Uma ética do amor enfatiza a importância do serviço aos outros. Dentro do sistema de valores dos Estados Unidos, qualquer tarefa ou trabalho relacionado ao “serviço” é desvalorizado. O serviço fortalece nossa capacidade de conhecer a compaixão e aprofunda nossa percepção. Para servir aos outros, não posso enxergá-los como objeto, devo enxergar sua subjetividade. Compartilhando o ensinamento dos guerreiros Shambhala, a budista Joanna Macy escreve que precisamos de armas de compaixão e percepção:

Você precisa ter compaixão, porque ela lhe dá o combustível, o poder, a paixão para se mover. Quando você se abre para a dor do mundo, você se move, você age. Mas essa arma não é suficiente. Ela pode queimá-lo, então você precisa do outro — você precisa entender a radical interdependência de todos os fenômenos. Com essa sabedoria, você percebe que não se trata de uma batalha entre mocinhos e bandidos, mas que a linha entre o bem e o mal atravessa o terreno de cada coração humano. Com a percepção de nossa profunda inter-relação, você sabe que ações empreendidas com intenção pura têm repercussões em toda a teia da vida, para além do que você pode medir ou discernir.

Macy compartilha que compaixão e percepção podem “nos sustentar como agentes de mudança saudável” porque são “dons para reivindicarmos agora, na cura do nosso mundo”. Em parte, aprendemos a amar ao prestarmos serviço. Essa é novamente uma dimensão do que Peck quer dizer quando fala sobre nos estendermos para o outro.

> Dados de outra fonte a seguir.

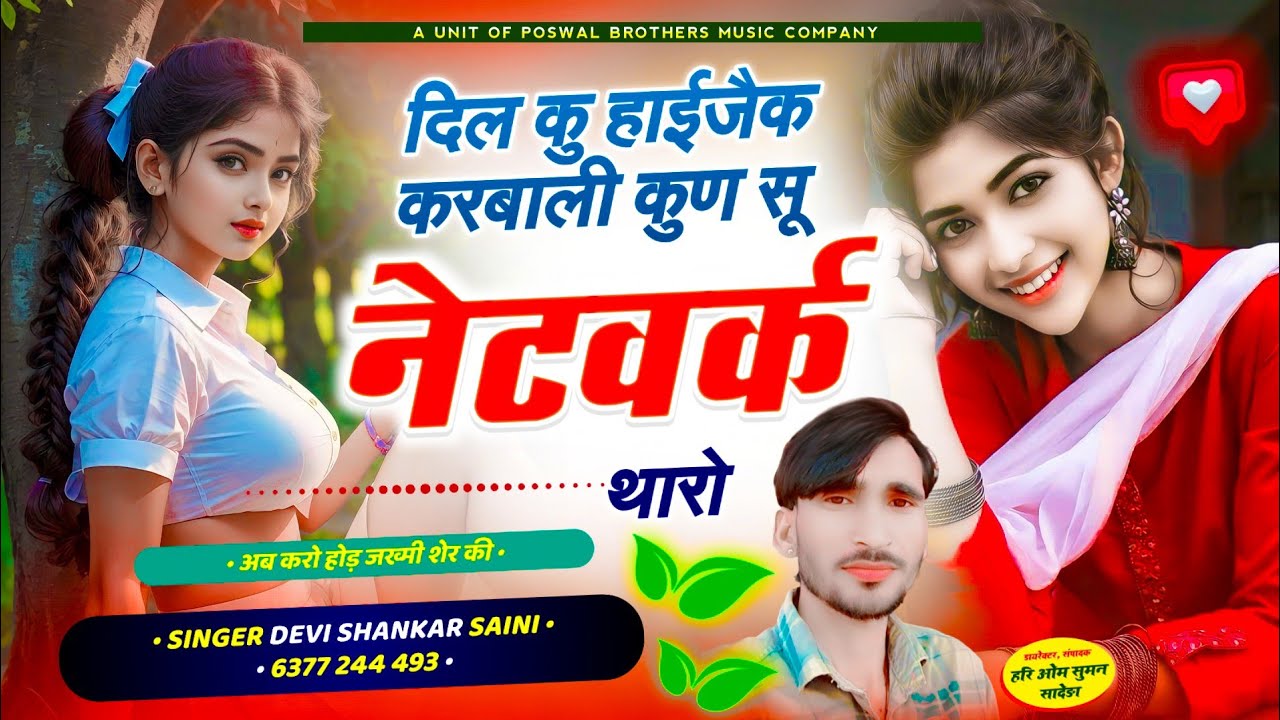 {1218} जख्मी शेर ~ देवी शंकर सैनी // दिल कु हाईजैक करबाली कुणसु नेटवर्क थारो // #devi_shankar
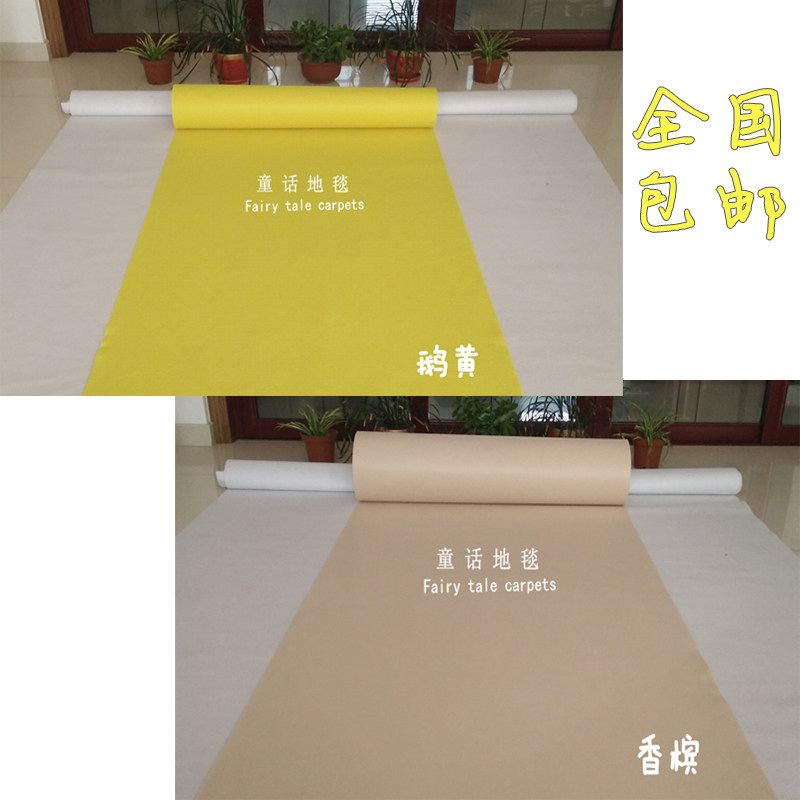 鹅黄色地毯香槟色婚庆地毯一次性婚礼开业展会地毯舞台地毯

O movimento pelos direitos civis tinha o poder de transformar a sociedade porque os indivíduos que lutam sozinhos e em comunidade por liberdade e justiça queriam que esses dons fossem para todos, e não apenas para quem estivesse sofrendo e sendo oprimido. Líderes negros visionários, como Septima Clark, Fannie Lou Hamer, Martin Luther King e Howard Thurman, alertaram contra o isolacionismo. Encorajaram as pessoas negras a olhar além de nossas próprias circunstâncias e a assumir responsabilidade pelo planeta. Esse apelo à comunhão com um mundo além do eu, da tribo, da raça, da nação, era um convite constante para expansão pessoal e crescimento. Quando uma multidão de pessoas negras começou a pensar apenas em “nós e eles”, internalizando o sistema de valores do patriarcado supremacista branco capitalista, pontos cegos se desenvolveram, e a capacidade de empatia necessária para a construção da comunidade foi reduzida. Para curar nosso corpo político ferido, devemos reafirmar nosso compromisso com uma visão daquilo a que King se referiu, no ensaio “Facing the Challenge of a New Age” [Enfrentando o desafio de uma nova era], como um compromisso genuíno com “a liberdade e a justiça para todas as pessoas”. Meu coração se alegra quando leio o ensaio de King, pois lembro do lugar para o qual a verdadeira libertação nos leva. Ela nos leva, além da resistência, para a transformação. King nos diz que “o fim é a reconciliação, o fim é a redenção, o fim é a criação da comunidade amada”. No momento em que escolhemos amar, começamos a agir contra a dominação, contra a opressão. No momento em que escolhemos amar, começamos a avançar em direção à liberdade, a agir de forma a libertar a nós mesmos e aos outros. Essa ação é o testemunho do amor como prática da liberdade.